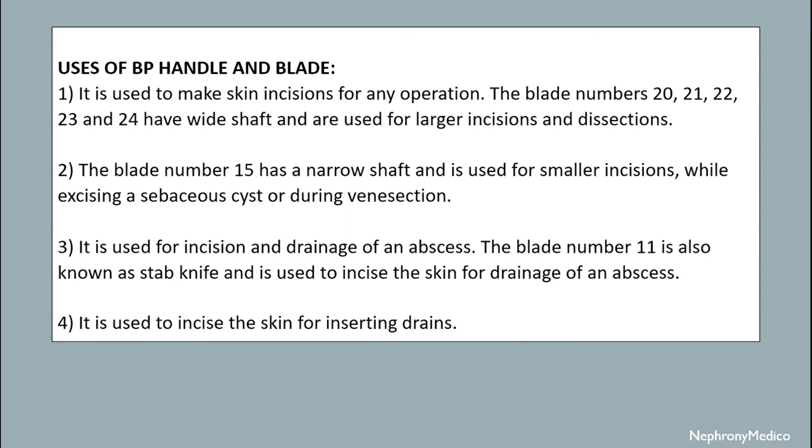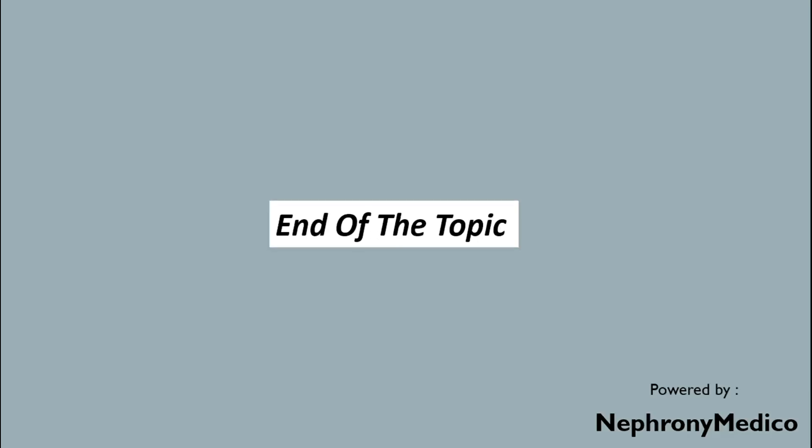Blade number 15 is also used for incision and drainage of an abscess. Blade number 11 is also known as a stab knife and is used to incise the skin for drainage of an abscess. It is also used to incise the skin for inserting drains. That is the end of this topic.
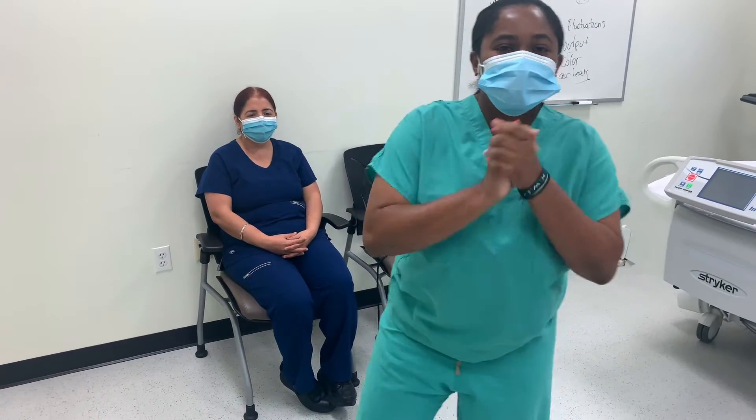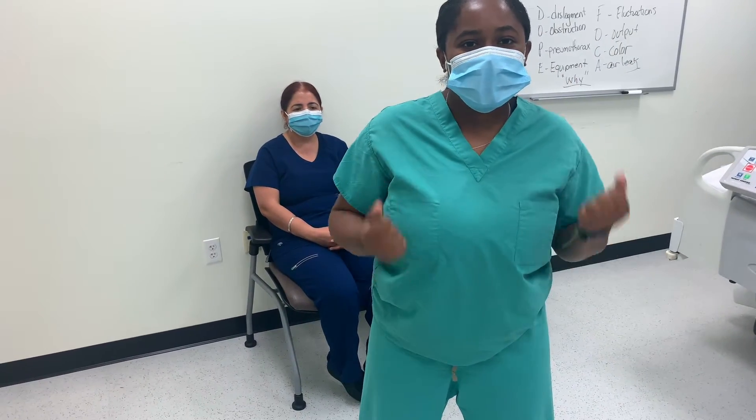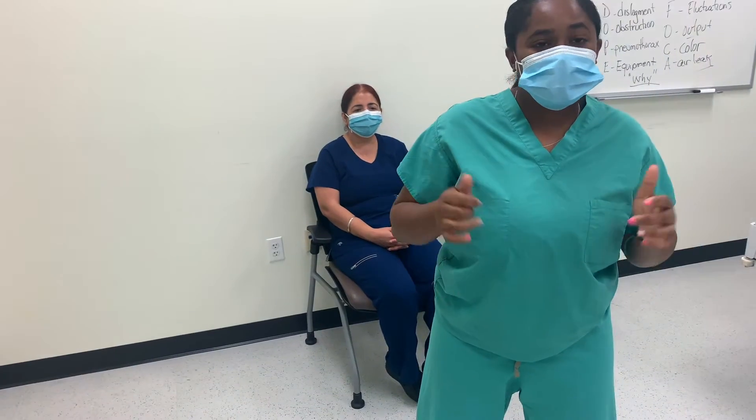Hi guys, how are you doing? So for today's video, I'm just going to go ahead and review how to take a manual blood pressure.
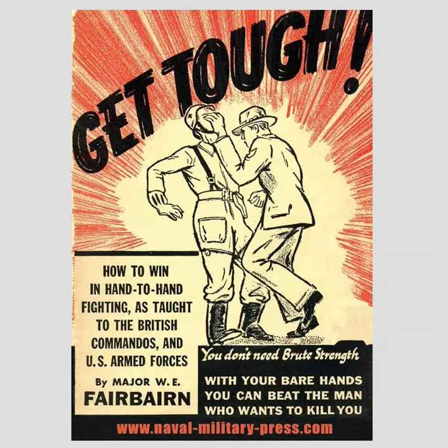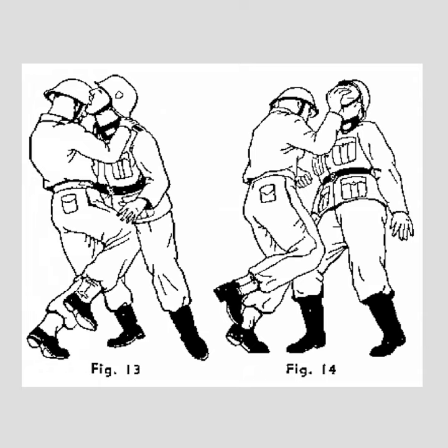Hello, this is Vampire here to talk about Captain Fairbairn once again. This is the cover of his book, Get Tough. On the cover of the book, the technique featured is called the chin jab. Since it's on the cover of the book, I think it's fairly safe to assume that he thought it was a very special technique — something he really favored. Now let's look on the inside of the book, and right here you can see the chin jab.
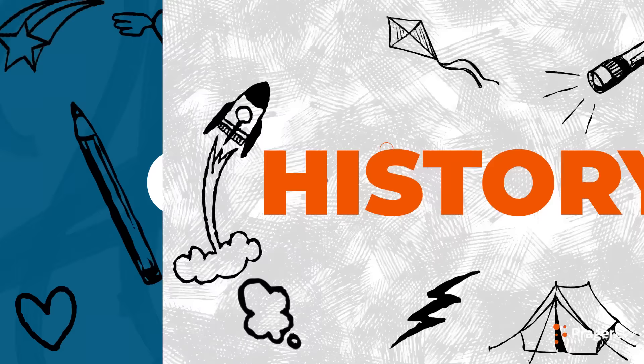Crafts! History! Craftery! Welcome to Craftery: crafts, history, and your questions.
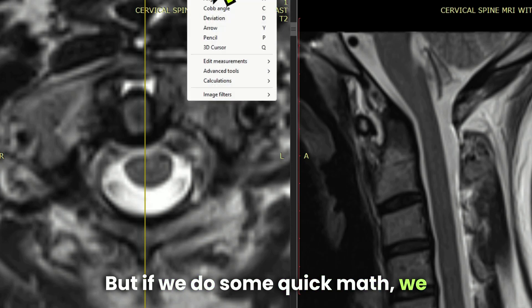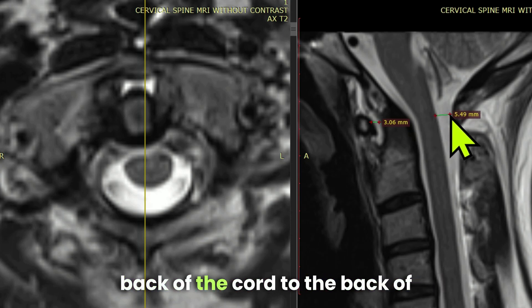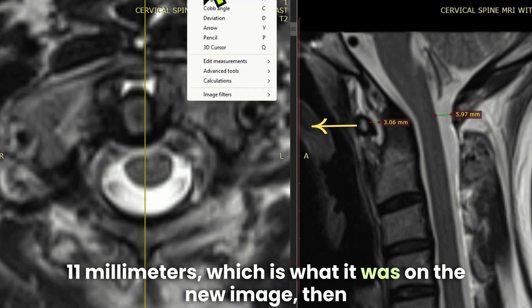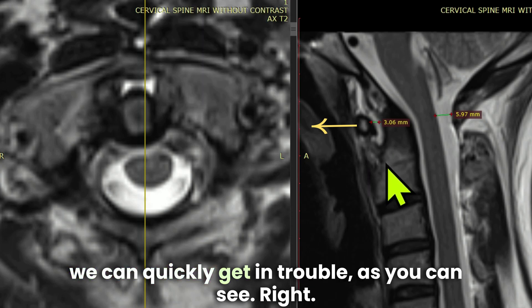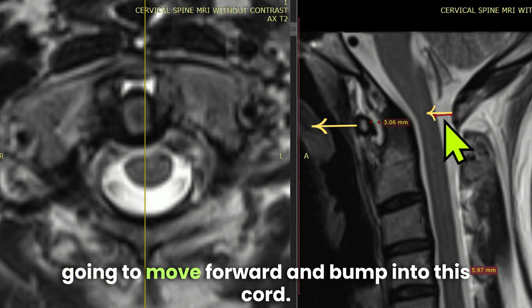If we do some quick math, we can see why this is a concern. This distance here is only about three millimeters, and the distance from the back of the cord to the back of the atlas is about six millimeters. The problem is that if this three millimeters grows to 11 millimeters — which is what it was on the new image — we can quickly get in trouble. Basically, the back of the atlas is going to move forward and bump into the cord. There's just not enough room.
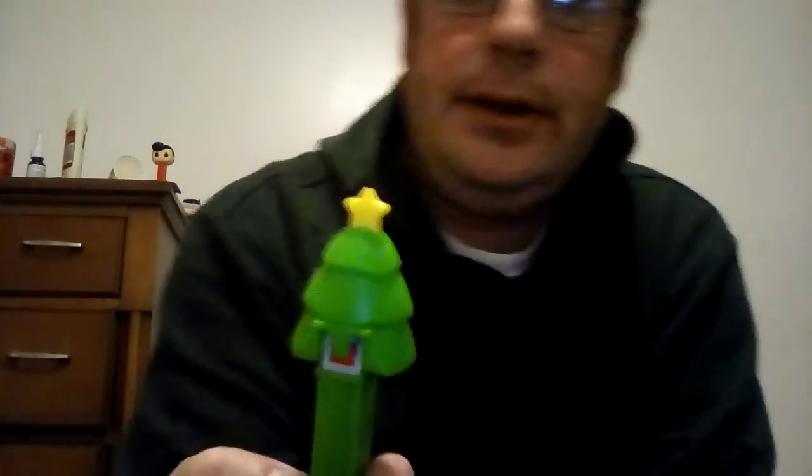Hello everyone, it's Kyle here. Today I'm going to do a Pez Suspense review of the Christmas tree. I like this one a lot — it's perfect for Christmas time and a very unique one.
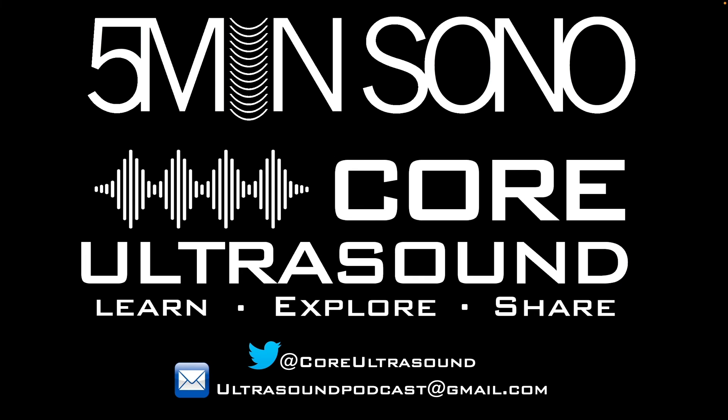That's it for this Five Minute Sono video. Please feel free to send me a tweet or an email. I hope to hear from you soon — happy scanning.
============
Write out again, exactly, only the lines from the beginning of the material above to the line that holds "Hi guys, how", both ends included, and no pictures.

Blade number 15 is also used for incision and drainage of an abscess. Blade number 11 is also known as a stab knife and is used to incise the skin for drainage of an abscess. It is also used to incise the skin for inserting drains. That is the end of this topic.
Hi guys, how are you doing? So for today's video, I'm just going to go ahead and review how to take a manual blood pressure.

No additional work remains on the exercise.